▶ [Task statement]:
One range is to be output from the listing below, exactly as written: the line with "Pink Rose Gold Glitter" to the line with "Charles David Womens", both kept.

··· Data provided ···

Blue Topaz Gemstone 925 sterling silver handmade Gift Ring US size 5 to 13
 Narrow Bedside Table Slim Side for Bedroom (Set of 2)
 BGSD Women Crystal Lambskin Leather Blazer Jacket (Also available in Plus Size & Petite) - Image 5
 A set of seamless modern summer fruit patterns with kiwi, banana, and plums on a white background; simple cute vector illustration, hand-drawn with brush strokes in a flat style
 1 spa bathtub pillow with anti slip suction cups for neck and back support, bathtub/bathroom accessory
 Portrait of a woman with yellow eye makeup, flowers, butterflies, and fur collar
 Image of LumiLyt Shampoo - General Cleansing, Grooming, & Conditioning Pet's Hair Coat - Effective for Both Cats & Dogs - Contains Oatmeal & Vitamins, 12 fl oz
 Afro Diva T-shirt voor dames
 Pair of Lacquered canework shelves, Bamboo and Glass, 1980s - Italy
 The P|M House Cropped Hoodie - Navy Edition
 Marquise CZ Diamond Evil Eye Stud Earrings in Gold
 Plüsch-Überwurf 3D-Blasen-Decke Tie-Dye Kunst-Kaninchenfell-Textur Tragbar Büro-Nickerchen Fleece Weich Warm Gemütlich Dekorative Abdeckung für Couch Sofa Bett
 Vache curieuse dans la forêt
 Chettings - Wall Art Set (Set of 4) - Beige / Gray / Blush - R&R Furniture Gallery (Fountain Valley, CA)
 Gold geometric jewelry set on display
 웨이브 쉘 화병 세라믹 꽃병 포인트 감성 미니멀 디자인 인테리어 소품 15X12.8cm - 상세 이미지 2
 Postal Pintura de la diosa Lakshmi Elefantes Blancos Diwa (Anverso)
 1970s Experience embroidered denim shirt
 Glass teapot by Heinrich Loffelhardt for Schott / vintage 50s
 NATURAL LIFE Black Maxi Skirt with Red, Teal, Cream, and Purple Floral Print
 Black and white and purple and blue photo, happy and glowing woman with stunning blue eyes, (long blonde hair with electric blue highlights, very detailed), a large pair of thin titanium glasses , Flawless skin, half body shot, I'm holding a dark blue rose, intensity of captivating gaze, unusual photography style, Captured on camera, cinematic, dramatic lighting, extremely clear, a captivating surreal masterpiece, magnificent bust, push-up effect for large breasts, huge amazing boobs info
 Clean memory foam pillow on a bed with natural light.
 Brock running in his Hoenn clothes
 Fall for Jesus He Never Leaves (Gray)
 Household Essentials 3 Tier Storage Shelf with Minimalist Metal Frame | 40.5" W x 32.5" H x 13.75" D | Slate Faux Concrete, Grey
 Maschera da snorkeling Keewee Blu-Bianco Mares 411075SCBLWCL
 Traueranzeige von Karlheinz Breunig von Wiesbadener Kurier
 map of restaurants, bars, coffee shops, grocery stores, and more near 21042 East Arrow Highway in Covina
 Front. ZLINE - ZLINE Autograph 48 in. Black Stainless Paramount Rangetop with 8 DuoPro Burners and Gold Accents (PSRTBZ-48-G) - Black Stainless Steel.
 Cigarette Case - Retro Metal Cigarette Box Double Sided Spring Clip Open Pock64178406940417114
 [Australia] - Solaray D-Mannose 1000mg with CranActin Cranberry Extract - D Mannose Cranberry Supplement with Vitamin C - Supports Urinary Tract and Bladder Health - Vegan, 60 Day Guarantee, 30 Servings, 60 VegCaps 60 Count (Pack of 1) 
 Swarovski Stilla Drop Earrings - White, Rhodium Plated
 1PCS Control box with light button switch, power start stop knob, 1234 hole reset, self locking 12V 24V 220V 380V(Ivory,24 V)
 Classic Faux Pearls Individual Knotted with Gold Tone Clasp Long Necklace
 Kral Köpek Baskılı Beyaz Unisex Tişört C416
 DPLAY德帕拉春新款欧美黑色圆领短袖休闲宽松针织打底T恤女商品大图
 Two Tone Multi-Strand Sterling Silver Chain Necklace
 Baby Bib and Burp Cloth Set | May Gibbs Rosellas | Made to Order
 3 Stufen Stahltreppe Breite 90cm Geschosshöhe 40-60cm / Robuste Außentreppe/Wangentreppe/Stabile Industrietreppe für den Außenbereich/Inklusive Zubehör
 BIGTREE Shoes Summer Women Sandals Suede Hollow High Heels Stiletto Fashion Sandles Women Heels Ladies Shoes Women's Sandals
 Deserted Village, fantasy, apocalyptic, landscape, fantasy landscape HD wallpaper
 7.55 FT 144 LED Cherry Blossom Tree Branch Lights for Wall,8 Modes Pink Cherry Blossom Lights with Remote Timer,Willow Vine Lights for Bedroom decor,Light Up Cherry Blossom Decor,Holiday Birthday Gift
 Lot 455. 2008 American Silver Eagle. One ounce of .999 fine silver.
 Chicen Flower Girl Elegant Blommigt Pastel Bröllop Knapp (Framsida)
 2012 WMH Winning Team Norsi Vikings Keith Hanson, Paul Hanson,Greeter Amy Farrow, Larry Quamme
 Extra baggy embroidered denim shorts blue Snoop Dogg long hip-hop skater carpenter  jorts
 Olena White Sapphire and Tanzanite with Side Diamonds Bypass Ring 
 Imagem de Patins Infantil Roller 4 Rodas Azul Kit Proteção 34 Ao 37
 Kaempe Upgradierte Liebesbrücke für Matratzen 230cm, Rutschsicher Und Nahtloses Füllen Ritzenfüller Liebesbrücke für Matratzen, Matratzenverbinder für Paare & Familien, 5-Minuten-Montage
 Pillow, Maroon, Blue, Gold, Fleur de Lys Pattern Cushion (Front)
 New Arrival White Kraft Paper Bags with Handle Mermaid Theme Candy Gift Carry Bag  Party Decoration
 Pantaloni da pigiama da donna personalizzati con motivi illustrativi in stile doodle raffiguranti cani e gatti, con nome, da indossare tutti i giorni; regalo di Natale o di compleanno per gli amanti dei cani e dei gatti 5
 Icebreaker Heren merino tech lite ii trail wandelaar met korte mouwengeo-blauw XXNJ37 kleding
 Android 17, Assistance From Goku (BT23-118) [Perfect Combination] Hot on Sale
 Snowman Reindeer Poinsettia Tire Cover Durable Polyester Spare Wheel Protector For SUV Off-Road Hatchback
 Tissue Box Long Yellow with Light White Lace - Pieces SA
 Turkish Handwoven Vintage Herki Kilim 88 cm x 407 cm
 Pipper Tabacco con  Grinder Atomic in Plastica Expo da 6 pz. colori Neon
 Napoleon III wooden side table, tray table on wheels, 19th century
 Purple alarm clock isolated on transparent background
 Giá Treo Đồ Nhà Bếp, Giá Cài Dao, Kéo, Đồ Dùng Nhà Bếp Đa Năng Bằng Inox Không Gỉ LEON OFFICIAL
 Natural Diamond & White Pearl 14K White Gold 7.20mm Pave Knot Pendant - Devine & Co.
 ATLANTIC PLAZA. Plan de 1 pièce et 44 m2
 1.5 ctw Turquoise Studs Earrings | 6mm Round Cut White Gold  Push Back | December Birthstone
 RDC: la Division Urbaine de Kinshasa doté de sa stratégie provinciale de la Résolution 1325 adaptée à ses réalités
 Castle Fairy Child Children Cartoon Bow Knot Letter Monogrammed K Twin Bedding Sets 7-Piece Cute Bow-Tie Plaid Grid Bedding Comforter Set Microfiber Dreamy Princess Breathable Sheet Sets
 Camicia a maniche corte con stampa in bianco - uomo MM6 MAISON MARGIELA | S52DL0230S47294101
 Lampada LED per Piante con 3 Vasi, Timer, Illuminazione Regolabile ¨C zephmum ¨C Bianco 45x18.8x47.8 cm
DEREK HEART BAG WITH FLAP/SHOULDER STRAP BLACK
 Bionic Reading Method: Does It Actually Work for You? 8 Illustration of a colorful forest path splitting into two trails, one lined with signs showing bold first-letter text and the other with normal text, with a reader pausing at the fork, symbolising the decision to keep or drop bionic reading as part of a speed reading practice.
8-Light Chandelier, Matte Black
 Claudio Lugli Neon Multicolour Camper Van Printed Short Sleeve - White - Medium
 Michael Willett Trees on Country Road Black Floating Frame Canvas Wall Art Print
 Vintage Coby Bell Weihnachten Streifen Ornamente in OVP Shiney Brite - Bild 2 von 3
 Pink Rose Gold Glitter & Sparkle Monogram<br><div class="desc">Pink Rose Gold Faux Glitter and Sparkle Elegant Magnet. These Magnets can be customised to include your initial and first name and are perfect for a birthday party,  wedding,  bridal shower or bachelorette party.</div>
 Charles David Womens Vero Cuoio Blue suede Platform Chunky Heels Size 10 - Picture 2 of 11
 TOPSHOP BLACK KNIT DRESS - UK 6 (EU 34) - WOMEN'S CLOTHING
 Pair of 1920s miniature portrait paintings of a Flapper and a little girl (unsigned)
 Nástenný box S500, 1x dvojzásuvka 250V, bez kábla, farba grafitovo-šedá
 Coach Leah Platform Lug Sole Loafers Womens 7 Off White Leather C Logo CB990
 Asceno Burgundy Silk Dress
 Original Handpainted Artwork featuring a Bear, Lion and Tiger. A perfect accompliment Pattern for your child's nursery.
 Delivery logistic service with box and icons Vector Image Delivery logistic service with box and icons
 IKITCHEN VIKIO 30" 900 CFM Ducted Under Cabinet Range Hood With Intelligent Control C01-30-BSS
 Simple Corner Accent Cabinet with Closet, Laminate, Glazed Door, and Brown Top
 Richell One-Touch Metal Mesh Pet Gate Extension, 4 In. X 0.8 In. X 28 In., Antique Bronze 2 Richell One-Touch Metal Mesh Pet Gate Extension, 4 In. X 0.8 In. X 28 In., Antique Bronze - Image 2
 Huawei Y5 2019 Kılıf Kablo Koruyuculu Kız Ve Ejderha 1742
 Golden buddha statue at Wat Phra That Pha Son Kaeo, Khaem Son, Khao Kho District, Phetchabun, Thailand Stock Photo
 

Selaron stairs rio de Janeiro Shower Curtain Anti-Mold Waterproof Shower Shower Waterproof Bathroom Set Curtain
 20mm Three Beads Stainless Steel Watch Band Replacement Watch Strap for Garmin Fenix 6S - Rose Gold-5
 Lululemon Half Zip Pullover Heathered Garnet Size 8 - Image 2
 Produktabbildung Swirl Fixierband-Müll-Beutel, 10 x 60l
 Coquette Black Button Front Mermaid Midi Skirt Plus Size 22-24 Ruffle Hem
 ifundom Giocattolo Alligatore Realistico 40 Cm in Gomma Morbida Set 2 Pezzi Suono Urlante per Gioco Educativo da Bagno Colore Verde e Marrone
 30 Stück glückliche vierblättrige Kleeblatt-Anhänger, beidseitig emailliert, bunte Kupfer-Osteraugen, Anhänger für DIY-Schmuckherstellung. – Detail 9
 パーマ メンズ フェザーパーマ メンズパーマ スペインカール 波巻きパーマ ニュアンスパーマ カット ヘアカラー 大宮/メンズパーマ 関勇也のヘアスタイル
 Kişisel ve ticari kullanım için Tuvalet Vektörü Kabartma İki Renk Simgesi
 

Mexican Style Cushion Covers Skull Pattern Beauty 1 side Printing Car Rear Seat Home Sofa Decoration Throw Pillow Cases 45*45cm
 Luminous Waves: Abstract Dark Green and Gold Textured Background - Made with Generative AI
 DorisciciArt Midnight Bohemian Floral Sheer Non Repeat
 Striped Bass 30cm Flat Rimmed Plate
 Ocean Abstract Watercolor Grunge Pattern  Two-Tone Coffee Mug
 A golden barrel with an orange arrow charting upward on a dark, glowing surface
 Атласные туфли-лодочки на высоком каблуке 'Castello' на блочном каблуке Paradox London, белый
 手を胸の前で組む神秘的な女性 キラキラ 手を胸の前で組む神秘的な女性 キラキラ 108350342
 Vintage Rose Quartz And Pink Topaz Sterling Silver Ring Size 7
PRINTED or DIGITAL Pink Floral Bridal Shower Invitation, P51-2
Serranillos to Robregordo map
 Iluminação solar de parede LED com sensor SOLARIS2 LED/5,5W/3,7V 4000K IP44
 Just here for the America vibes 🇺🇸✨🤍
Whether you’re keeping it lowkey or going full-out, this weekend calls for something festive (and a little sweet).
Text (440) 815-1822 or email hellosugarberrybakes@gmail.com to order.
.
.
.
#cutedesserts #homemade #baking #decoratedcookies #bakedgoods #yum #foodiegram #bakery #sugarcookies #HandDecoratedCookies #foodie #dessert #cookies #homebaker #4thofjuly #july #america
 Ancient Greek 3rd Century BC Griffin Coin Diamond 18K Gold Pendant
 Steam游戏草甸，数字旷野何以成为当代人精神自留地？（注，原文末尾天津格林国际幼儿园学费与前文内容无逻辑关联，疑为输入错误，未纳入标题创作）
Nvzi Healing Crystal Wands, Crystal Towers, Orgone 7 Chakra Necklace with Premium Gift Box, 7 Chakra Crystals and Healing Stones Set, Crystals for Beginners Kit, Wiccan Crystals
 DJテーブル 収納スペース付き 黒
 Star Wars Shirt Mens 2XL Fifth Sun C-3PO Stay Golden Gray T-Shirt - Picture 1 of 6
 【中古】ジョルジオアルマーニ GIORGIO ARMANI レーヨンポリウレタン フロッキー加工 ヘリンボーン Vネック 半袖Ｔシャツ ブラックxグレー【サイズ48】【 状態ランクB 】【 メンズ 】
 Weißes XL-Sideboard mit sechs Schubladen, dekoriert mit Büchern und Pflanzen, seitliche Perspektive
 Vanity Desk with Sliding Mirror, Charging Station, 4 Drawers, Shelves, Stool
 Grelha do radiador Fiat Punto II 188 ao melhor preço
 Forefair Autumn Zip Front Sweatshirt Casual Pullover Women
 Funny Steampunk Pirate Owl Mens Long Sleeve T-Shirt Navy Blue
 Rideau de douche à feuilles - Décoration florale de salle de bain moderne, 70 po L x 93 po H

···

▶ [Final answer]:
 Pink Rose Gold Glitter & Sparkle Monogram<br><div class="desc">Pink Rose Gold Faux Glitter and Sparkle Elegant Magnet. These Magnets can be customised to include your initial and first name and are perfect for a birthday party,  wedding,  bridal shower or bachelorette party.</div>
 Charles David Womens Vero Cuoio Blue suede Platform Chunky Heels Size 10 - Picture 2 of 11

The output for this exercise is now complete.